Polacy uwielbiają Ptasie Mleczko, a Japończycy mają świra na punkcie batonika Kit Kat. Fascynacja do batonika doprowadziła nawet do otwarcia najsłodszego muzeum na świecie, muzeum Kit Kata.
Japończycy najbardziej są zamiłowani w nietypowych smakach, które są niedostępne w Polsce, takie jak zielona herbata, wasabi, sos sojowy czy ziemniaki. Fascynacja KitKatem w Japonii wynika z przemyślanej kampanii marketingowej. Jej twórcom udało się powiązać nazwę Kit Kat z japońskim zwrotem „Kitto Katsu”, które oznacza „Na pewno wygrasz”.

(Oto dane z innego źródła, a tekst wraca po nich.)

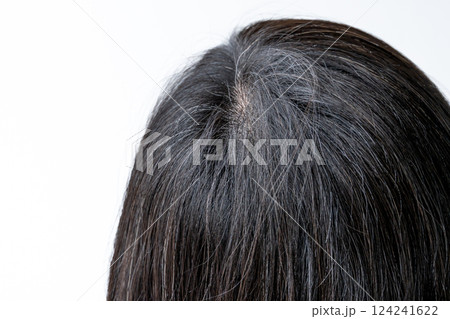 頭頂部の白髪のアホ毛　クローズアップ 124241622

W Polsce dostępne są trzy warianty smakowe Kit Kata. W Japonii powstało ponad 300 limitowanych smaków. Na japońskiej ekspozycji można było obejrzeć najsłodsze eksponaty, które dotychczas zostały wyprodukowane w Kraju Kwitnącej Wiśni. Dla Japończyków nie ma żadnych ograniczeń, by połączyć Kit Kata z dowolnym smakiem i w dowolnym kształcie.
Prócz słodyczy na wystawie można znaleźć szampana z Kit Kata czy japoński pociąg wypełniony czekoladkami. Muzeum niestety nie było stałym punktem w Tokyo i było otwarte do 10 października w Nestle Cafe Harajuku.